Substructure Search From Scratch in Java Part 1 - The Atom Mapping Problem

One of the most important capabilities in cheminformatics is mapping the atoms of a query structure onto the atoms of a target structure. Although useful in itself, the main value of atom mapping comes from the software that gets built on top of it: exact structure comparators, substructure search systems, and query atom/bond search systems such as SMARTS. The fundamental nature of atom mapping means that correctness, efficiency and adaptability are essential features of a good mapping implementation. Recently, a D-F article made the case that atom mapping software written in Java needs to be Java-centric to achieve these goals. This article, the first in a series that describes a complete substructure search system written in Java, takes the first step by offering some simple interface definitions and code for the atom mapping problem.

The Problem

Given a query molecule (query) and a target molecule (target), our atom mapping software needs to find ways to match the atoms of query onto target such that the mapping describes a substructure embedded in target. The software might stop at one mapping, continue on to find all of them, or stop at some point in the middle. It all depends on the specific cheminformatics problem we're trying to solve.

The Recursive Function

Our implementation will gradually build up an atom mapping by traversing the atoms of query in depth-first order and trying to map each found atom onto an atom in target. At each step in the process, we will have a partial atom map that maps some of the atoms in query onto target. That map, and any other information needed to complete the analysis will be kept in an instance of a class implementing the State interface.

A State will be manipulated by a recursive method, mapFirst that returns when the first atom map is found:

// create a list to hold atom maps
List<Map<Atom, Atom>> maps = new ArrayList<Map<Atom, Atom>>();

// create initial state
State state = ...; 

boolean mapFirst(State state)
{
  if (state.isDead())
  {
    return false;
  }

  if (state.isGoal())
  {
    maps.add(state.getMap());

    return true;
  }

  boolean found = false;

  while (!found && state.hasNextCandidate())
  {
    Match candidate = state.nextCandidate();

    if (state.isMatchFeasible(candidate))
    {
      State nextState = state.nextState(candidate);
      found = mapFirst(nextState);

      nextState.backTrack();
    }
  }

  return found;
}

Comparison of the mapFirst method to the pseudocode VF algorithm Match procedure given in the previous article shows some similarities. In fact, something similar to the mapFirst method forms the basis of many atom mappers in use today.
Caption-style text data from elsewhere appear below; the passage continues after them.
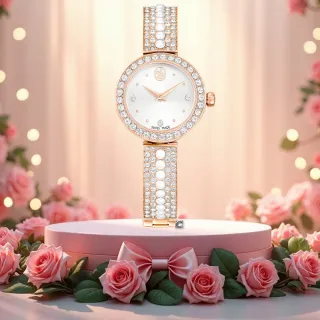 【SWAROVSKI 施華洛世奇】Matrix 珍珠手鐲腕錶-26mm 端午 送禮 自用(5705406)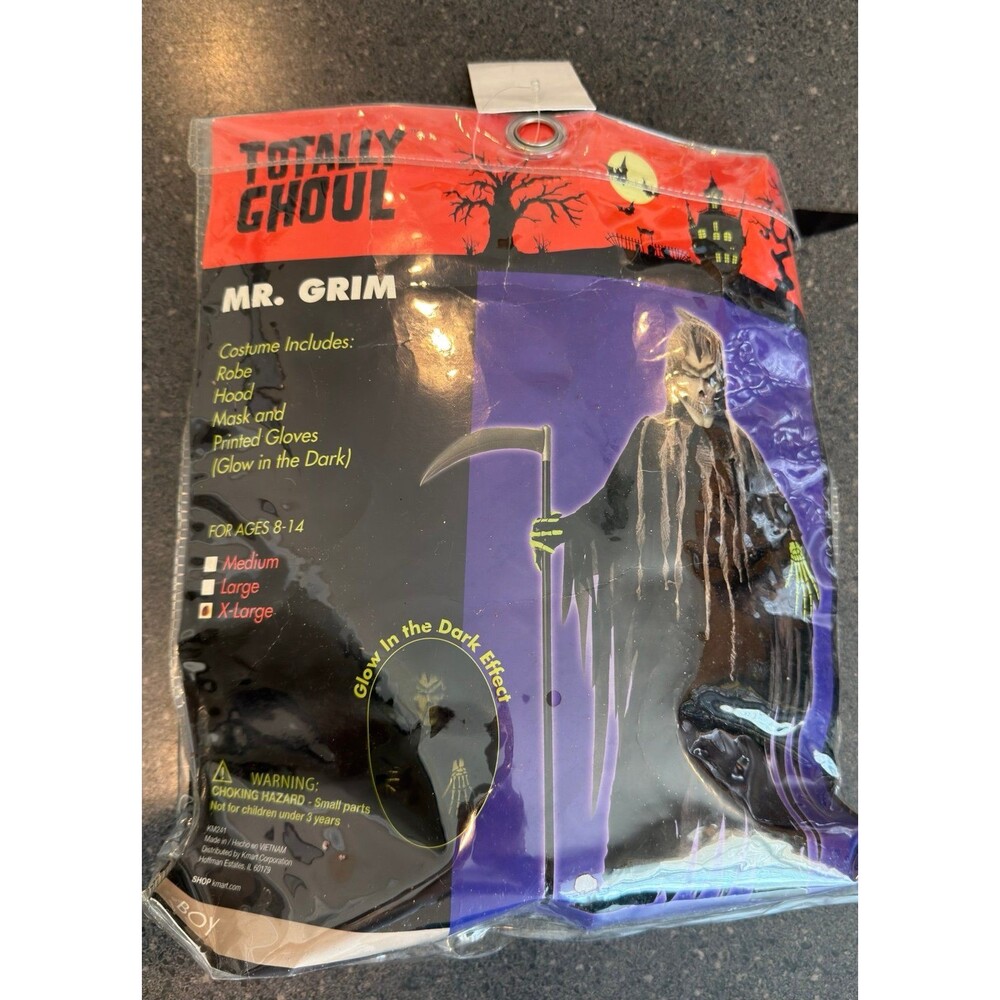 Mr. Grim Reaper Halloween Costume Robe Hood & Glow In Dark Gloves Kids 8-14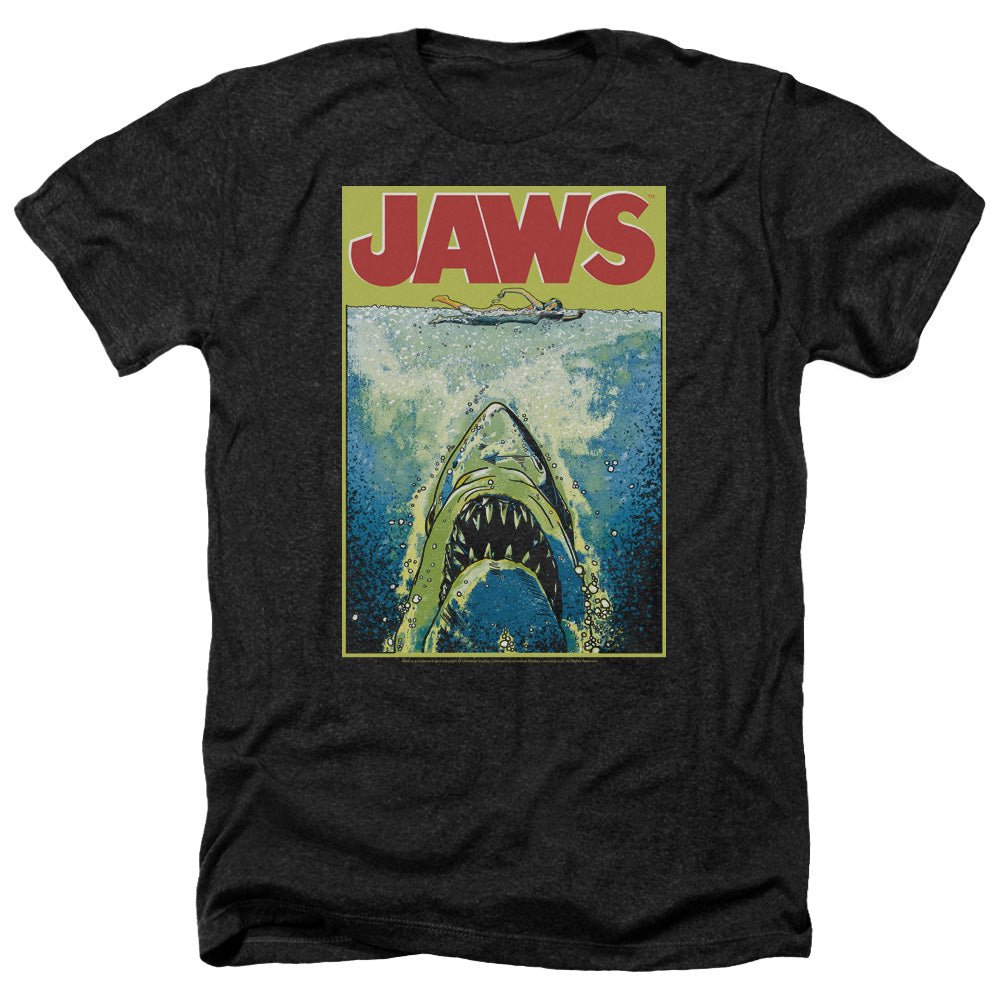 AN OFFCIALLY LICENSED JAWS BRIGHT JAWS MEN'S HEATHER T-SHIRT CHARCOAL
Although it may be clear from the code, it's worth re-iterating that each time mapFirst is recursively called, an attempt is made to branch off a new State that maps an additional pair of atoms from query to target. If that branch leads to a possible solution, it's followed. Otherwise the next possible mapping is explored.

The State Interface

The recursive mapFirst method determines all of the methods the State interface needs to define:

public interface State
{
  /**
   * Returns the current mapping of query atoms onto target atoms.
   * This map is shared among all states obtained through nextState.
   */
  public Map&lt;Atom, Atom&gt; getMap();

  /**
   * Returns true if another candidate match can be found or
   * false otherwise.
   */
  public boolean hasNextCandidate();

  /**
   * Returns the next candidate match.
   */
  public Match nextCandidate();

  /**
   * Returns true if the given match will work with the current
   * map, or false otherwise.
   */
  public boolean isMatchFeasible(Match match);

  /**
   * Returns true if all atoms in the query molecule have been
   * mapped.
   */
  public boolean isGoal();

  /**
   * Returns true if no match will come from this State.
   */
  public boolean isDead();

  /**
   * Returns a state in which the atoms in match have been
   * added to the current mapping.
   */
  public State nextState(Match match);

  /**
   * Returns this State's atom map to its original condition.
   */
  public void backTrack();
}

Finally, State uses an instance of the Match class:

public class Match
{
  private Atom query;
  private Atom target;

  public Match(Atom query, Atom target)
  {
    this.query = query;
    this.target = target;
  }

  public Atom getQueryAtom()
  {
    return query;
  }

  public Atom getTargetAtom()
  {
    return target;
  }
}

Conclusions

With just a few lines of Java, we've managed to reduce the fundamental cheminformatics problem of atom mapping to the far simpler problem of implementing the State interface.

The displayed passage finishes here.